By Matthew Schulz, Journalist

Posted: August 27, 2019

You may already know outgoing Australian Charities and Not-for-profits Commission chief Susan Pascoe will soon be joining the Our Community family as the inaugural chair of the Community Directors Council.

But we thought you'd like to know a bit more about the calibre of this woman, who has also been at the helm of the following public organisations:

  • Inaugural Commissioner for the ACNC
  • Commissioner on the 2009 Victorian Bushfires Royal Commission
  • Chair of the Australian National Commission for UNESCO
  • Chief executive of the Victorian Curriculum and Assessment Authority
  • Commissioner at the State Services Authority (SSA) in Victoria
  • Chair and CEO of the Catholic Education Commission of Victoria

Ms Pascoe's leadership was also recognised in 2016 with the Leadership in Government award for outstanding contribution to public administration in Australia, several years after she had already been made a member of the Order of Australia in 2007 for her contribution to education.
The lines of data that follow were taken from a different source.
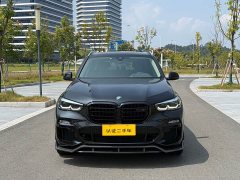 BMW X5 (Imported) Facelift xDrive30i M Sport Package - ფოტო 1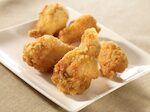 ALI DI POLLO CROCCANTI 'MCCAIN' 5X1 KG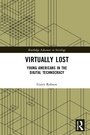 Cover: Virtually Lost - Routledge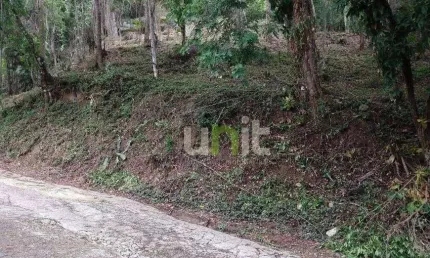 Terreno à venda, 1200 m² por R$ 600.000,00 - Loteamento Maravista - Niterói/RJ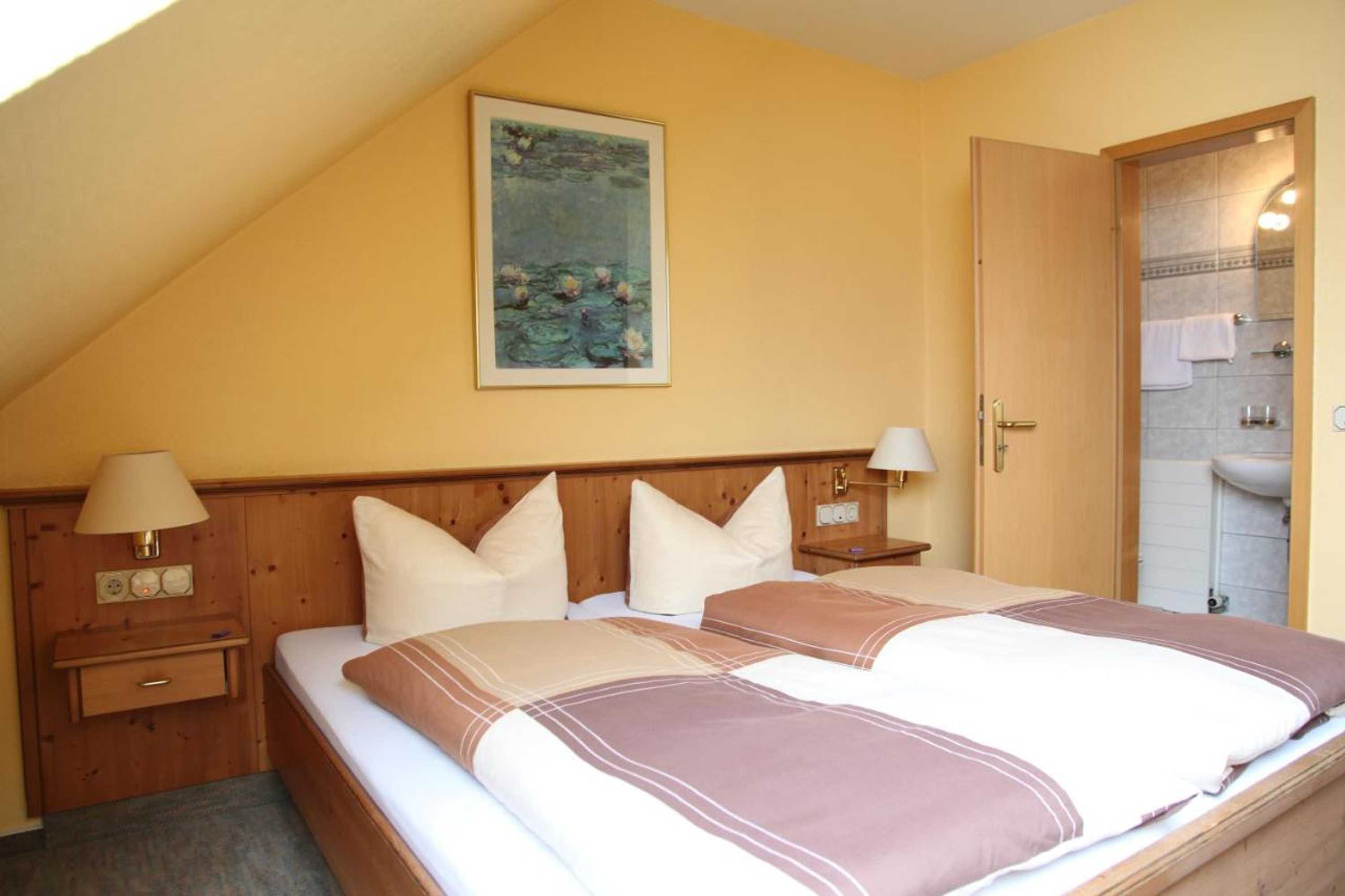 Gift card for Hotel Bliesbrück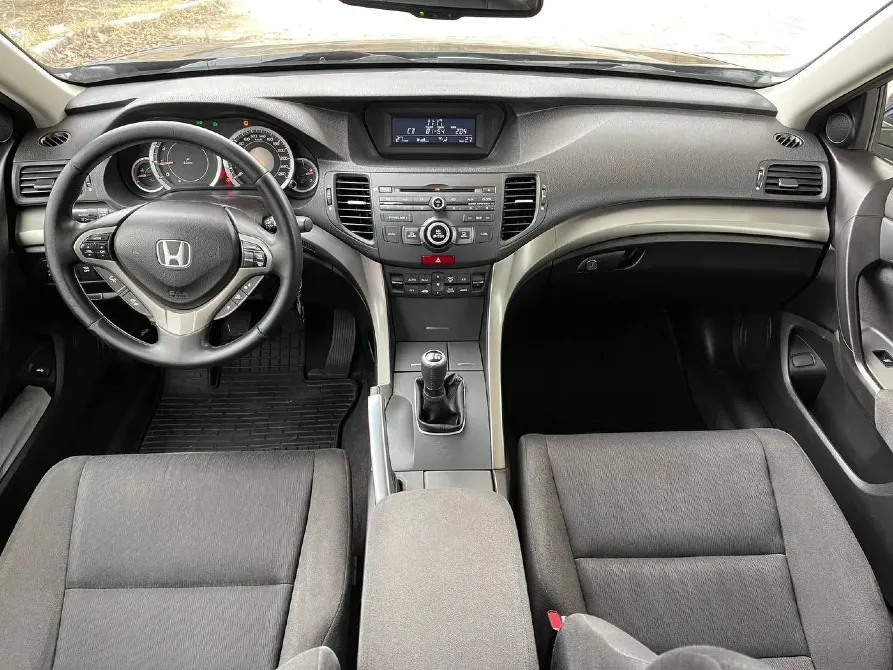 Honda Accord 2010 год Рыбница Рыбница - изображение 8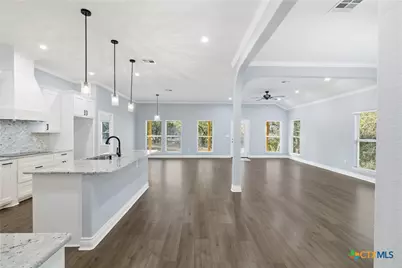 15963 Salado Drive, Temple, TX 76502 - Photo 2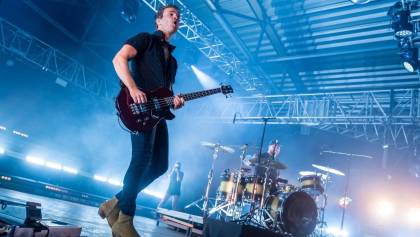 Royal Blood en el Pabellón Oeste: El poderoso (y esperado) regreso de esta bandota a la CDMX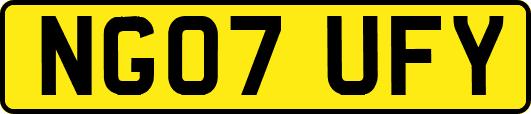 NG07UFY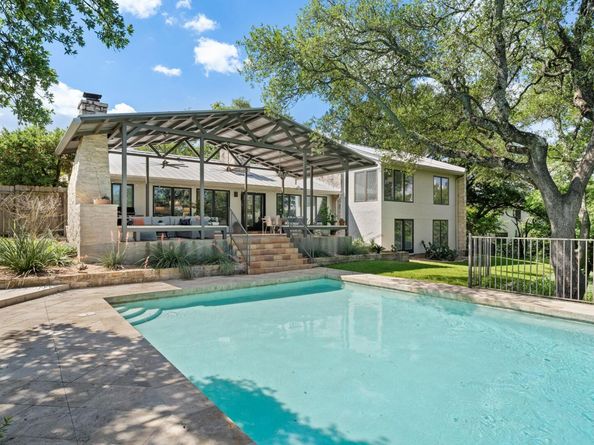 2310 Camino Alto, Austin TX 78746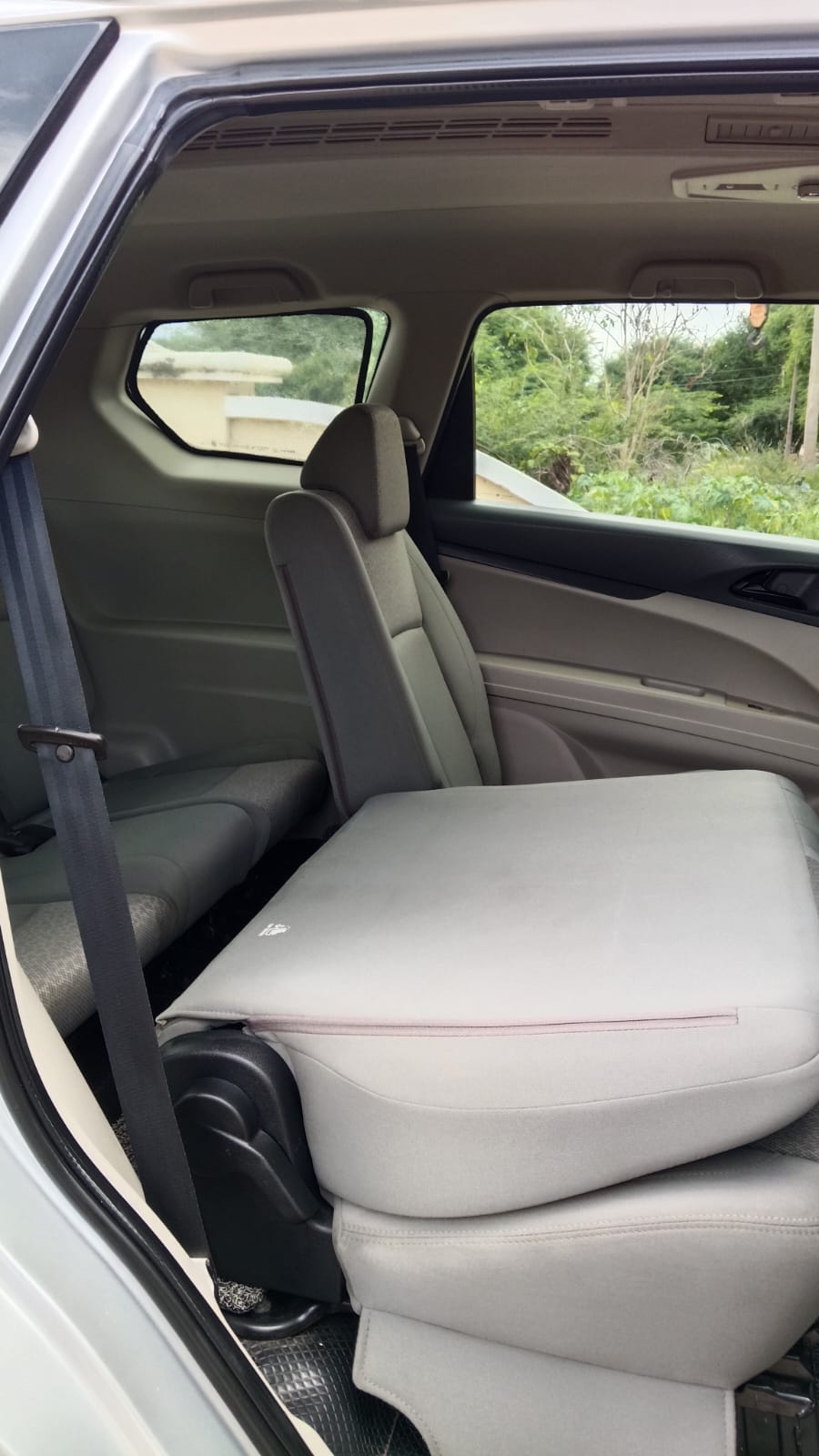 Mahindra Marazzo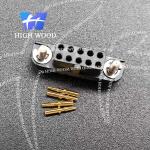HW-CMM Connector, HW-221C10M16,MTL-55302F,2mm Pitch. for sale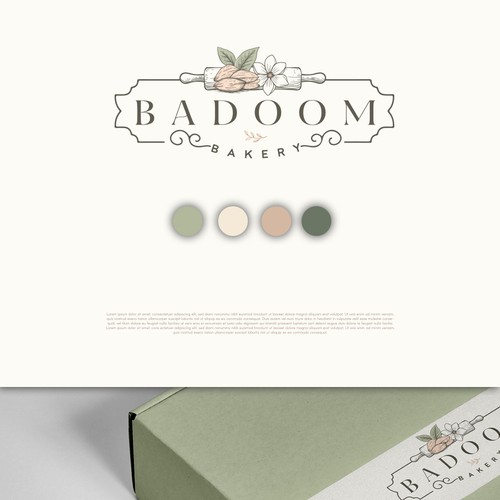 BADOOM BAKERY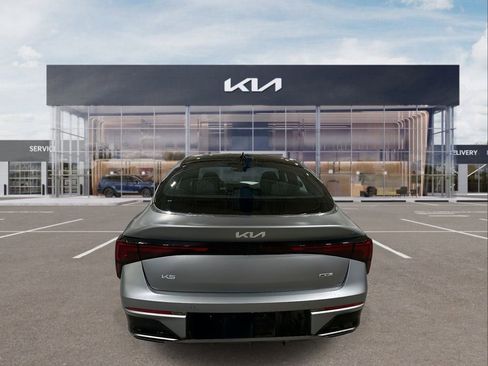 New 2026 Kia K5 GT-Line image 7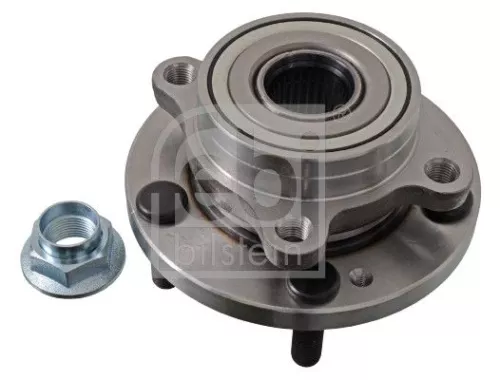 1x Wheel Bearing Kit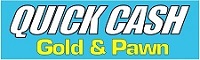 Quick Cash Gold & Pawn - Decker Blvd logo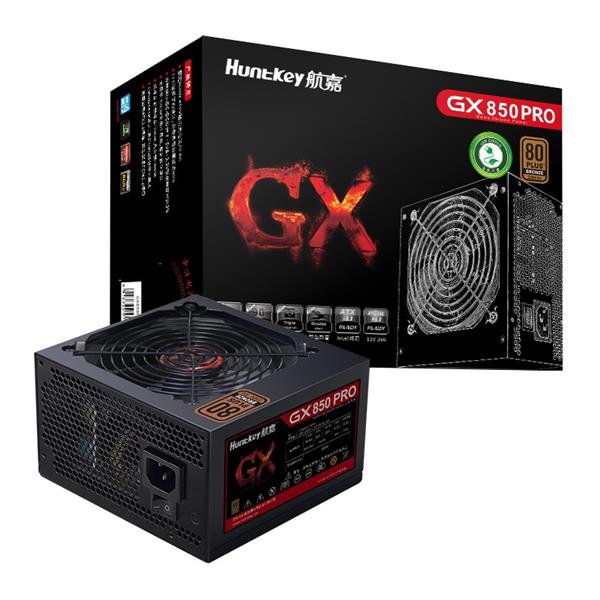 GX850PRO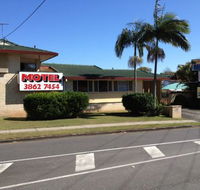 Aspley Sunset Motel - Accommodation Australia
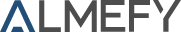 Almefy Logo
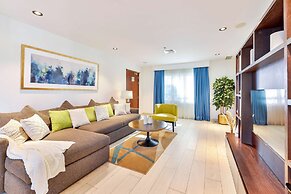 Radisson Blu Resort, Fujairah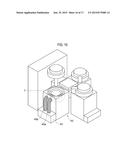 STAGE, STAGE MANUFACTURING METHOD, AND HEAT EXCHANGER diagram and image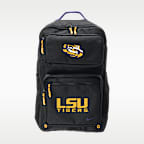 LSU Utility Speed 2.0 Nike College Backpack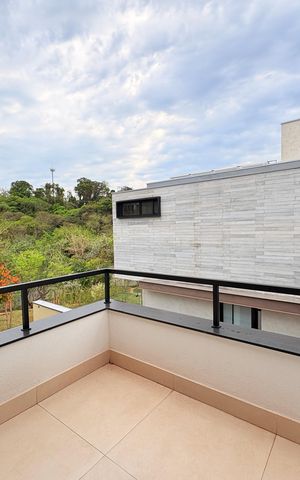 Casa de condomínio à venda com 380m², 5 quartos e 3 vagasSuíte 2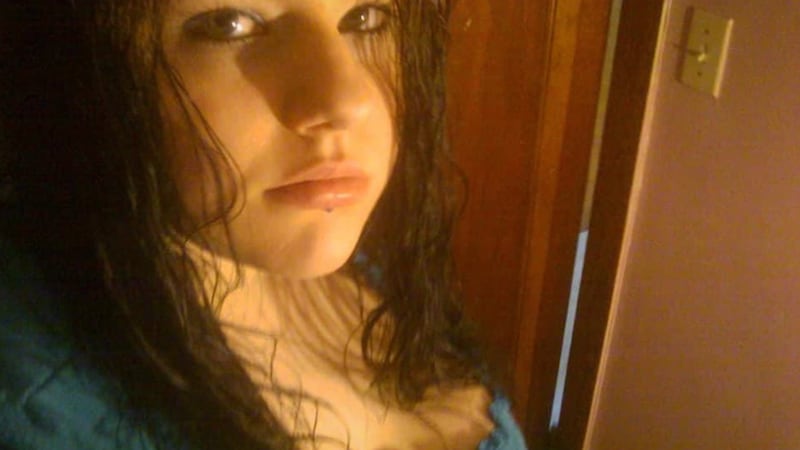 Ashley Leszyeski was 21 years old when she was murdered.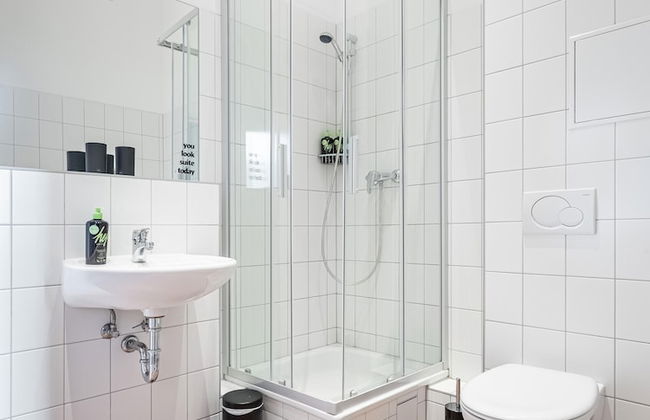 Limehome Berlin Malmöer Straße - Foto 71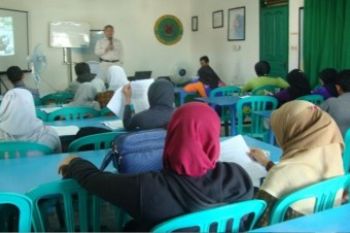 CSR Training Bahasa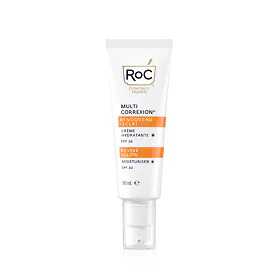 RoC Multi Correxion®️ Revive + Glow Moisturiser SPF 30 50 ml
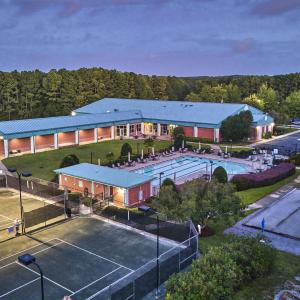 Rec Center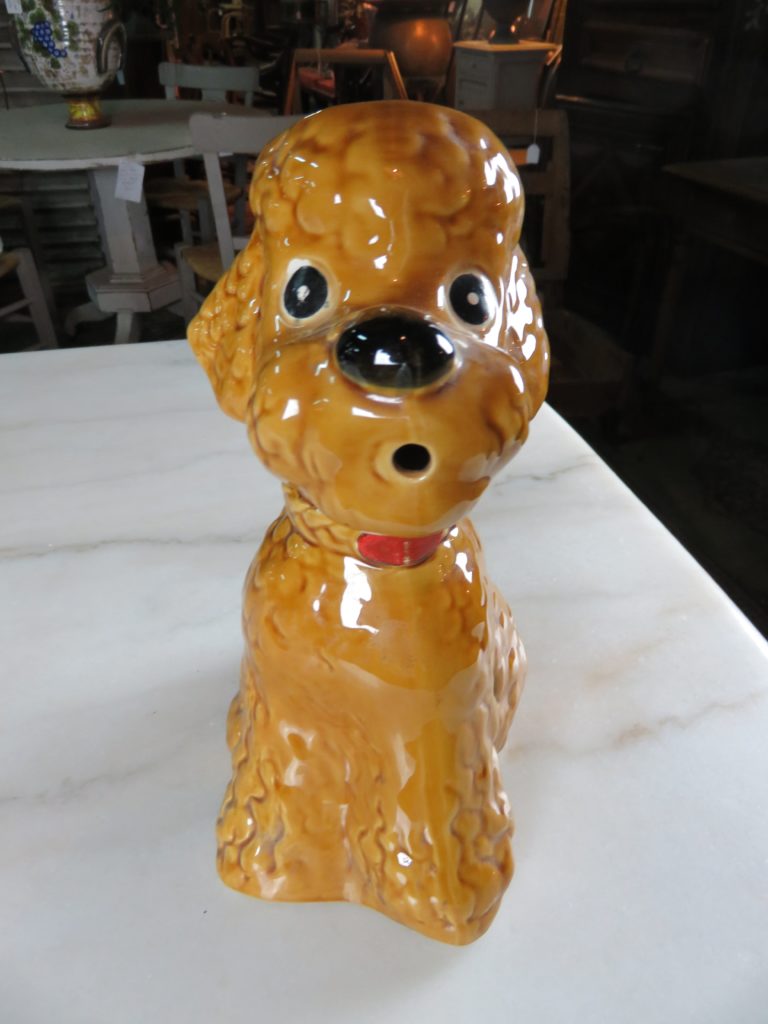 Brocante De La Ferme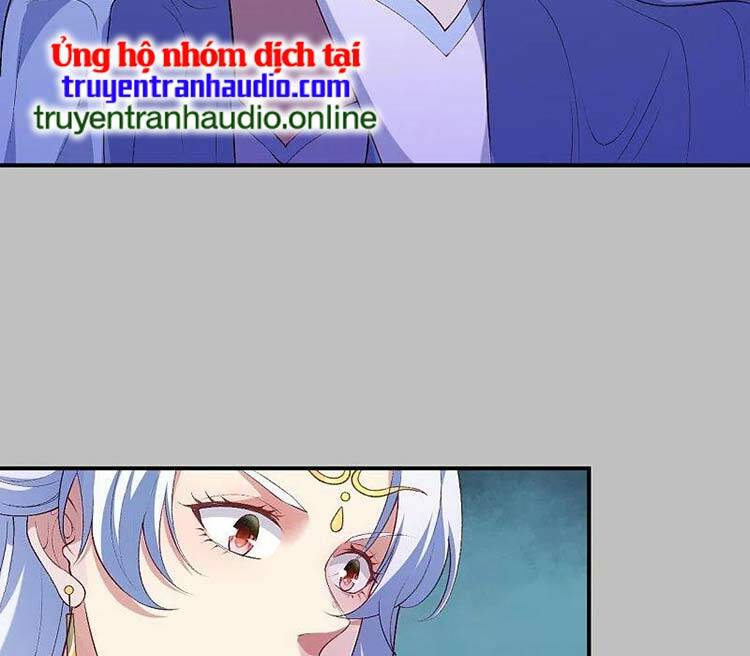 Nghịch Thiên Tà Thần: Chapter 576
Significantly, the role with the Institute of Community Directors Australia (ICDA) is the first Ms Pascoe has accepted at the end of a seminal five-year term setting up and running the ACNC, which regulates the nation's 55,000 charities and guides its 600,000 not-for-profits.

Ms Pascoe is due to finish on September 30, but chairing the Community Directors Council would continue her mission of strengthening community groups, Ms Pascoe told Our Community.

"I've long been committed to improving the governance of the community sector, and am passionate about the contribution that community organisations make to the social fabric of the nation".

Days after the announcement about her new appointment, Ms Pascoe reflected on the challenging time in forging a regulatory body that hadn't existed, but charities had been clamouring for, for decades. Read her speech to not-for-profit groups and charities here.

Even at its very formation, "It was impossible to ignore the contested political backdrop. As Commissioner, I was responsible for a start-up venture that was threatened with immediate abolition should the government change".

Of course, Ms Pascoe navigated the course to reduce red tape for charities amid "limited leverage with Commonwealth agencies, and none at all with state and territory governments".

In some ways, she sees a tough task for the incoming commissioner, as well as Assistant Commissioners David Locke and Murray Baird, who will share responsibility as acting commissioner until a full-time appointment is confirmed.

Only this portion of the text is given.